Mole End

"An adventure is only an inconvenience rightly considered. An inconvenience is an adventure wrongly considered." "As he hurried along, eagerly anticipating the moment when he would be at home again among the things he knew and liked, the Mole saw clearly that he must keep to the pleasant places in which his lines were laid and which held adventure enough, in their way, to last a lifetime.

Thursday, November 17, 2005

New Traditions

Dr. George Grant often stresses the importance of celebrating the traditions of the past and melding them with local customs to form new rituals.
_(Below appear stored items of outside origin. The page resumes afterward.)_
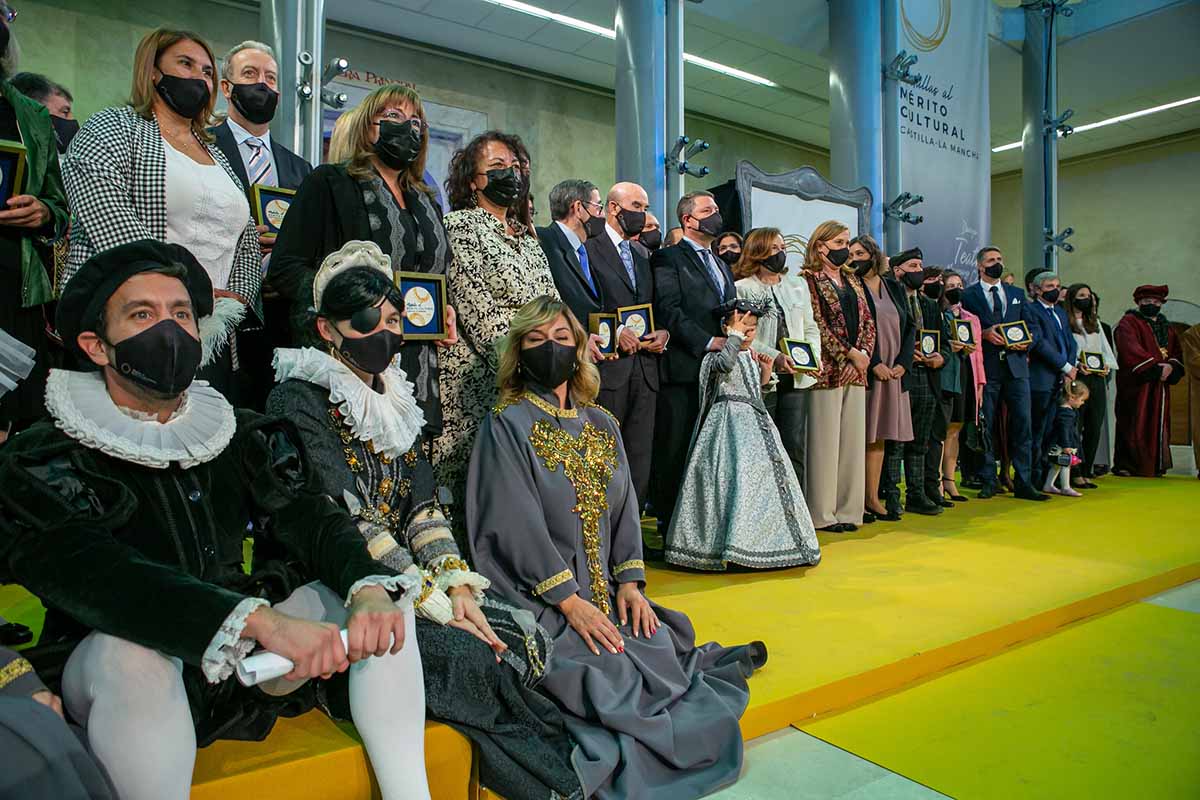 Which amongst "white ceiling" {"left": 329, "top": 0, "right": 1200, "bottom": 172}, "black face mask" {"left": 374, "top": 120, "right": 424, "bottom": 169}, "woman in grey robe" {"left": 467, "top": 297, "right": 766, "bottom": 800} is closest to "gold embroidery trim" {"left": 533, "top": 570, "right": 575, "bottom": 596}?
"woman in grey robe" {"left": 467, "top": 297, "right": 766, "bottom": 800}

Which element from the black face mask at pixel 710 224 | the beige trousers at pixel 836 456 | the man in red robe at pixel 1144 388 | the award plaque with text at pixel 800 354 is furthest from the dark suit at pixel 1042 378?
the black face mask at pixel 710 224

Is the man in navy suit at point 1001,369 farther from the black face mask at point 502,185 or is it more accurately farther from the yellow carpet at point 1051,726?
the black face mask at point 502,185

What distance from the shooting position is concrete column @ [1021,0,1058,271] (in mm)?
9820

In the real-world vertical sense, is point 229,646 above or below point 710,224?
below

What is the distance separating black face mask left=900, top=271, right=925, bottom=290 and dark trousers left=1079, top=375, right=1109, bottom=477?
2.96 metres

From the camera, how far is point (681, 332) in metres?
4.51

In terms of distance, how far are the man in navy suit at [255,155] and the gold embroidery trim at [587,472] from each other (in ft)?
3.48

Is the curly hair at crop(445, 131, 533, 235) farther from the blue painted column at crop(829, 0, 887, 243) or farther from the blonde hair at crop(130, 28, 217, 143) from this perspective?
the blue painted column at crop(829, 0, 887, 243)

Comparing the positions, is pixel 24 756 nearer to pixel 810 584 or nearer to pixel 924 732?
pixel 924 732

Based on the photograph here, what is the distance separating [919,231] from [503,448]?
645 cm

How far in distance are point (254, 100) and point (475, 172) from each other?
2.71 feet

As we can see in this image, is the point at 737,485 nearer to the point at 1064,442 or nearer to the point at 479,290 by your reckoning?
the point at 479,290

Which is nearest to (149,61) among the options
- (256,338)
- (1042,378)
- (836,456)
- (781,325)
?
(256,338)

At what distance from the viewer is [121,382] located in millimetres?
1691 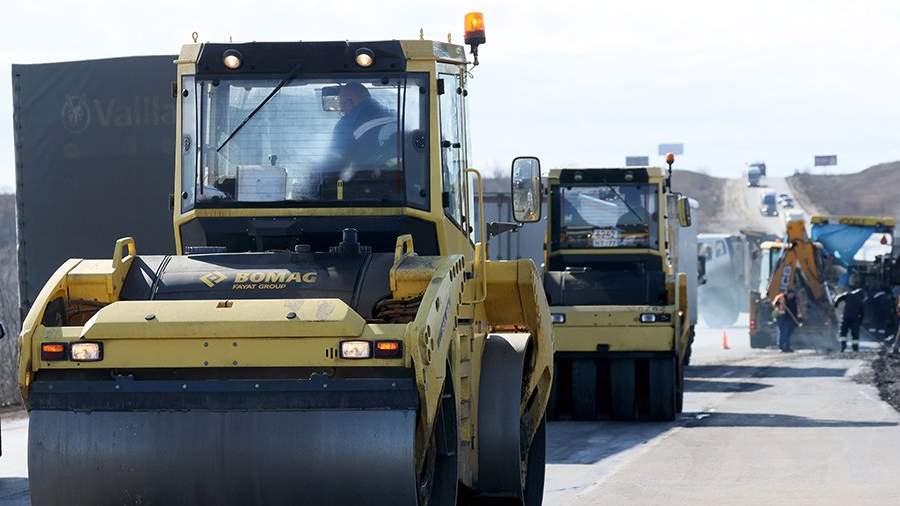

This past Friday midnight, Mary Gray, Fa-so-la-la, Shieldmaiden, Faintly Macabre, Muggles and I laid the dining table with a plaid tablecloth and spread Texas Low-tea. The china was varied: a cup and saucer that are part of Betsy Trotwood and The Irish Question's finest wedding dishes, a few of their second best wedding china saucers, Polish pottery cups, and one large tea mug. A Polish teapot held the Earl Gray, though Muggles had her own cup of Sleepytime tea. To tempt our sweet teeth, we also served chocolate fajitas. The tortillas were slightly crisp, very warm, and extremely buttery; they provided the perfect contrast to the half-melted milk chocolate chips in between tortillas. Thus we blended English High-tea with our late-night randomness, combined the Hispanic culture in Texas with the universal love of chocolate, and stirred to create our own diverse, unique tradition.

2 Comments:

At 12:31 PM, Blogger beatrice said...

Man, that was fun!
We ought to have tried M&M quesadillas.
Hypothetically speaking, as it were...

 
At 8:18 PM, Blogger fa-so-la-la said...

What a night...we then proceed to take our sugar high out to the backyard and climb trees and swing. And quote Kathrine Hepburn movies.

"I've got my head, I've lost my lepoard!"